The first villas here were built at the turn of the 20th century. Most buildings from this period are in the style of the New Hague School of architecture, popular at the time. Hotels and apartments filled out in the area in the succeeding decades.
Van Stolkpark has changed significantly over the years. Many mansions and villas have been converted into offices and schools. Other villas have been remade into expensive and upscale apartments. Much of the green space has disappeared. Some park areas have been paved over for parking lots. A restaurant and inn that once stood near the Van Stolkpark pond is now a sports complex with tennis courts.
Geuzen and Statenkwartier
The Geuzen and Statenkwartier sub-district is in the northwestern part of Scheveningen, situated between the sandy beaches and the city centre. Stately mansions in the Art Nouveau style along wide, tree-lined avenues have made this a prime area.
The largest houses can be found on the quarter’s edge, where the broad streets and larger squares are found. In contrast, the Geuze Quarter, a small neighbourhood within the Statenkwartier, has narrow streets and smaller houses.
Geuzen and Statenkwartier was devastated during World War II, when the Germans built the Atlantic Wall along Europe’s western coast. After the war, offices and schools went up as well as new housing—villas, townhouses and apartments. Many of the large houses have been made into offices, though their external appearance has not changed.
The main streets in the neighbourhood are the Frankenslag and Frederick Henry Avenue, a prominent shopping street. The intersections between the Statenkwartier’s diagonally arranged streets are residential areas, including Prins Maurits Square, the State Square, and Frederik Hendrik Square.

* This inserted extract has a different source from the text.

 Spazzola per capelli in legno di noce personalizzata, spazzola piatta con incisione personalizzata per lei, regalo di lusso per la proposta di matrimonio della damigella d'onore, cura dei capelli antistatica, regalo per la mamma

This sub-district has a distinctly youthful population, and a large number of expatriate residents. Among its attractions are trendy bars and restaurants, a panoramic film theatre, the Hans Gemeentemuseum (which has works by van Gogh, Kandinsky and Mondrian) and a tourists' favourite: the miniature model city of Madurodam, with its buildings, streets and canals built on a 1:25 scale.
Thick with trees, Zorgvliet is a villa park built in the early 20th century. It was badly damaged during World War II. Today, many of its large houses are used as ambassadors’ residences and international institutions—including the Peace Palace, where the United Nations’ International Court of Justice, the Permanent Court of Arbitrations and The Hague Academy of International Law are located.